Bridges are subject to loads. Some loads are known as dead loads. These are loads that are made up of the weight of the structure itself. Another load is known as the live load. This load is made up of the weight of the traffic on the bridge. Another load is the weather load. It is the load that is caused by the wind and other weather-related activity. When a bridge is designed, all of these loads must be taken into account. If they are not all properly balanced, the bridge will not stand.
Depending upon the type of bridge, the loads that are put upon the bridge result in forces that are specific to the design of the bridge. In a suspension bridge, the dead load and live load produce tension on the cables. Tension is a pulling force(<– –>). In a suspension bridge, the towers exert compression. Compression is the squeezing force (–> <–) that acts against the tension. You can see the compression forces on the towers marked in red. The towers are able to exert this force because they are secure on footings well beneath the soil beneath the water. The tension of the horizontal cables helps to hold the towers in place, too. As the towers push back on the cables, a balance is reached. This balance must be maintained in the face of not only a dead load, but a live load and a weather load, too.
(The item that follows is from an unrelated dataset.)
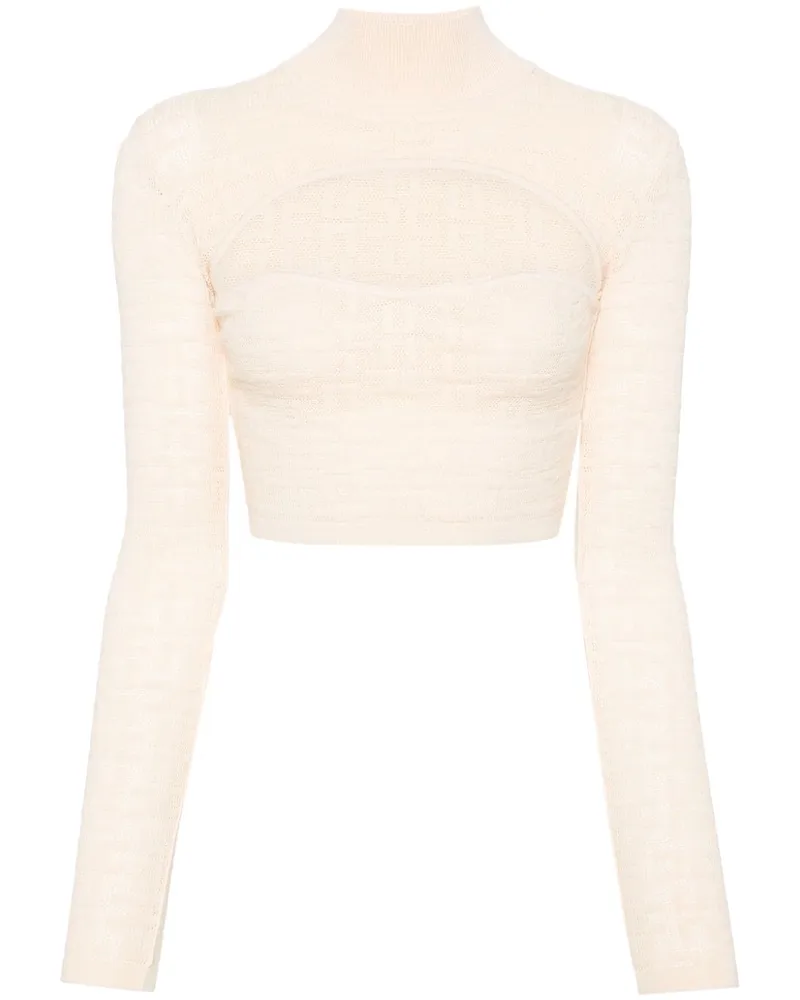 Elisabetta Franchi monogram-jacquard cut-out crop top Neutrals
You’ll also notice that the suspension cables that go from shore to shore are anchored at the banks or further back. This results in a finite amount of cable that passes up and over the towers. The shape of the horizontal suspension cables forms a parabola because the cables from those cables to the deck of the bridge are spaced evenly. This uniform placement is important because it ensures an equal distribution of the dead load of the bridge.
Let’s look at this in a less scientific way. Suppose the trees available for the ropes to tie the hammock were not as tall as we’d like, or we did not know how to tie a strong knot. We could make a terrific loop, but not a terrific knot for the purposes of suspending a hammock. We could put the rope over the branch – see how it is not straight and tall – and then secure it some distance away with a stake. This would mean that the rope at either ends of the hammock went up and over a standing structure (in this case, a tree trunk that was not straight up and down) and was supported by a stake driven through the loop at the end of the rope. This is the same idea behind the wires that are secured at an anchorage before going up and over a tower. In this case, there are two simple suspenders, rather than a series of suspenders hanging down from the looping wire, but you get the idea!